Prolog analysis on 64bit pe executables results in no data

jubjub727 commented 2 years ago

I've been running through the large binary guide with a 95MB binary for a few days now. I'm at the prolog analysis step and it runs using 478GB of RAM but then it returns no results. The facts generated by ooanalyzer seem good. I ran a 64bit test executable that I made with references to a static library the target executable uses through the steps and it resulted in the same output. However an older 32bit executable that I ran through worked perfectly and had the desired results. What am I missing here?

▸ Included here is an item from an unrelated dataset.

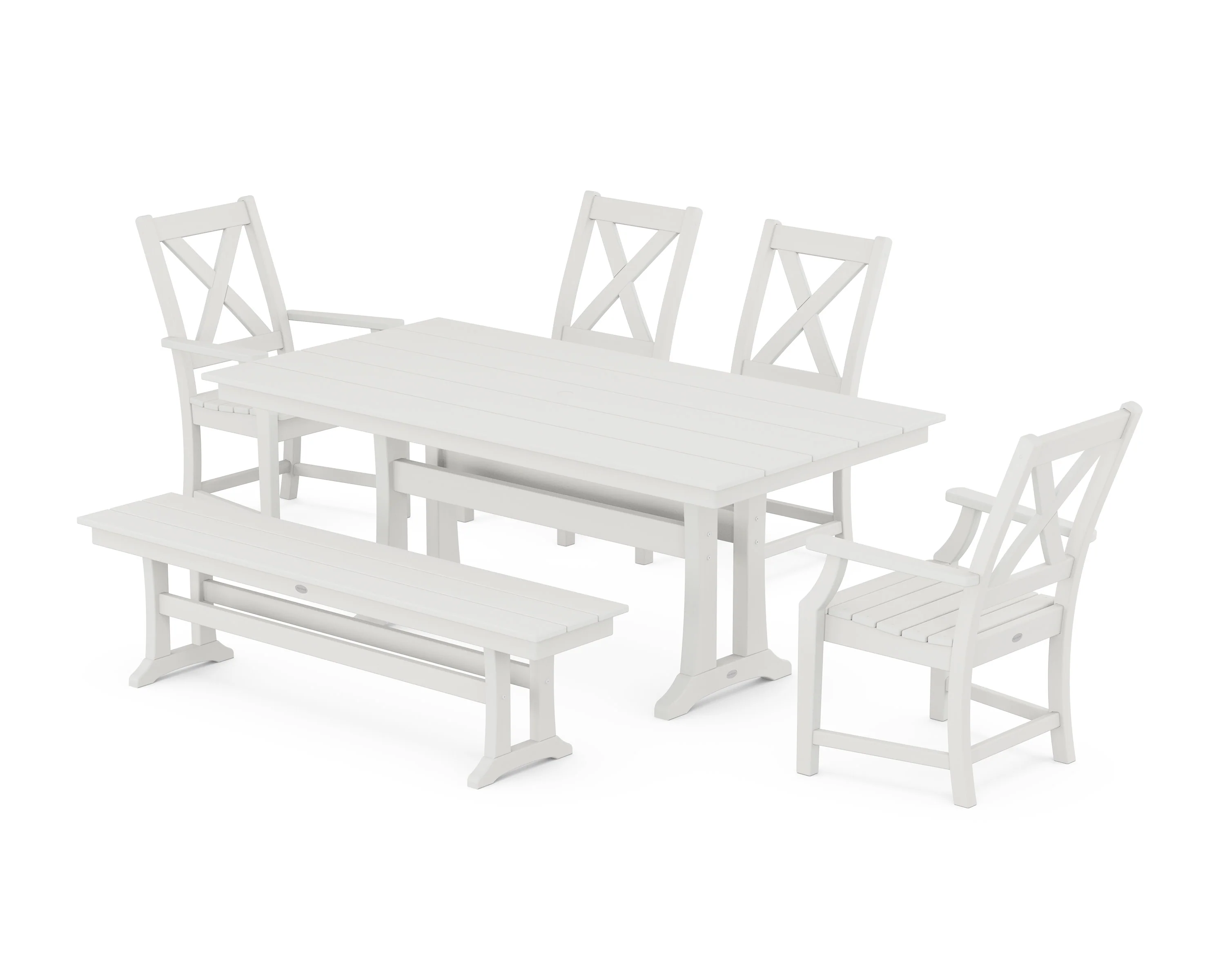 Braxton 6-Piece Farmhouse Dining Set With Trestle Legs - Image 4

Is there some way to get this to work or is it not possible?

chrome_jl7w3WAxAJ

Prolog Analysis Log:

Guessing is enabled.
Profiling is disabled.
RTTI is enabled.
Reasoning about object oriented constructs based on known facts ...
RTTI was not present.
Entering stage 'Initial reasoning'.
reasonForwardAsManyTimesAsPossible
Starting reasonForward.
Entering stage concludeMethod.
Entering stage concludeVFTableOverwrite.
Entering stage concludeConstructor.
Entering stage concludeNOTConstructor.
Entering stage concludeVFTable.
Entering stage concludeNOTVFTable.
Entering stage concludeVFTableWrite.
Entering stage concludeVFTableEntry.
Entering stage concludeNOTVFTableEntry.
Entering stage concludeVFTableSizeGTE.
Entering stage concludeVFTableSizeLTE.
Entering stage concludeVBTable.
Entering stage concludeVBTableWrite.
Entering stage concludeVBTableEntry.
Entering stage concludeObjectInObject.
Entering stage concludeDerivedClass.
Entering stage concludeNOTDerivedClass.
Entering stage concludeEmbeddedObject.
Entering stage concludeNOTEmbeddedObject.
Entering stage concludeDeletingDestructor.
Entering stage concludeRealDestructor.
Entering stage concludeNOTRealDestructor.
Entering stage concludeClassSizeGTE.
Entering stage concludeClassSizeLTE.
Entering stage concludeClassHasNoBase.
Entering stage concludeClassHasUnknownBase.
Entering stage concludeReusedImplementation.
Entering stage concludeNOTMergeClasses.
Entering stage concludeTrigger.
Entering stage concludeMergeVFTables.
Entering stage concludeMergeClasses.
Entering stage concludeClassCallsMethod.
Entering stage concludeClassRelatedMethod.
reasonForwardAsManyTimesAsPossible complete.
Entering stage 'Initial reasoning complete'.
Making new hypothetical guesses ...
reasoningLoop: guess
Starting guess. There are currently 0 guesses.
Entering stage guessVirtualFunctionCall.
Entering stage guessVFTable.
Entering stage guessVBTable.
Entering stage guessDerivedClass.
Entering stage guessMethod.
Entering stage guessVFTableEntry.
Entering stage guessDeletingDestructor.
Entering stage guessRealDestructor.
Entering stage guessNOTConstructor.
Entering stage guessConstructor.
Entering stage guessNOTMergeClasses.
Entering stage guessClassHasNoBase.
Entering stage guessUnlikelyConstructor.
Entering stage guessMergeClassesB.
Entering stage guessMergeClassesC1.
Entering stage guessMergeClassesC2.
Entering stage guessMergeClassesC3.
Entering stage guessMergeClassesC4.
Entering stage guessMergeClassesD.
Entering stage guessMergeClassesG.
Entering stage guessFinalDeletingDestructor.
Entering stage guessLateMergeClassesF1.
Entering stage guessLateMergeClassesF2.
Entering stage guessLateMergeClasses_G1.
Entering stage guessLateMergeClassesG.
Entering stage guessCommitClassHasNoBase.
reasoningLoop: There are no possible guesses remaining
No plausible guesses remain, finalizing answer.
Entering stage reportResults.
Guessed 0 methods of 0, guessed contrary conclusions: 0 of 0
Guessed 0 constructors of 0, guessed contrary conclusions: 0 of 0
Guessed 0 destructors of 0, guessed contrary conclusions: 0 of 0
Guessed 0 deleting destructors of 0, guessed contrary conclusions: 0 of 0
Guessed 0 virtual function calls of 0, guessed contrary conclusions: 0 of 0
Guessed 0 virtual function tables of 0, guessed contrary conclusions: 0 of 0
Guessed 0 virtual base tables of 0, guessed contrary conclusions: 0 of 0
Guessed 0 virtual function table entries of 0, guessed contrary conclusions: 0 of 0
Guessed 0 derived classes of 0, guessed contrary conclusions: 0 of 0
Guessed 0 embedded objects of 0, guessed contrary conclusions: 0 of 0
Guessed 0 has a base class of 0, guessed contrary conclusions: 0 of 0
Object oriented analysis and reporting complete, exiting.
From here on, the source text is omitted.